Severe low back pain is a common and dreaded problem that plagues many people around the world. The natural response to severe pain is to rest the injured body part and reduce normal activities while it heals. However, studies comparing bed rest to more active treatment for acute back pain have reached the same conclusion: bed rest is not best for beating pack pain.
Light activity, such as short walks around the house or sitting upright for brief periods throughout the day, reduces the requirement for medication, shortens absences from work and results in fewer visits to health-care professionals.
Bed rest isn’t totally useless, but we know it should be reduced to the shortest time possible.
Let’s look at why staying active helps the lower back.
The Brain’s Job
Those who overlook medical advice and avoid activity may be doing so because they’re trying to cope with high pain levels by avoiding all possible movements which may increase it.
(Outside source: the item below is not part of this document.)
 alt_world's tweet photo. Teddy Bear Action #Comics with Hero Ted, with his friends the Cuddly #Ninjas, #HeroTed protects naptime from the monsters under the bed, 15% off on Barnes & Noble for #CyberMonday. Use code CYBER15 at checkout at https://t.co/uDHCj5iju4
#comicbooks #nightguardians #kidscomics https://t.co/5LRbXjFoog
But the resulting bed rest has a compounding effect on the level and duration of their pain.
Long periods of immobility give the lumbar-stabilizing muscles time to lose strength, making recovery of normal movements more difficult when the initial pain settles.
A fearful emotional response to back pain often results in longer recovery and higher risk of long term disability. The immediate response to rest the back may reflect a hardwired predisposition in the brain.
So remember: You are not to blame for how your brain reacts in a major pain crisis!
The Unhealthy Cycle
A vicious cycle of pain followed by more rest, followed by new pain due to that rest, can spiral downwards over a couple of months and leave you with abnormal movement patterns.
Reestablishing trust in your back is vital. This trust tends to be eroded by prolonged bed rest. Anyone put to bed for more than a couple of days will develop stiffness and pain in the muscles and joints, and this is equally true for the back.
The Good News
It’s encouraging to know that more than 80% of lower back pain will resolve within six weeks regardless of the treatment approach used.
The goal of managing acute back pain is to reduce it to a point where the sufferer can stay moderately active while the pain settles over the usual four-to-six-week period.
With sensible activity and treatment plans, acute back pain sufferers have good outcomes 95% of the time.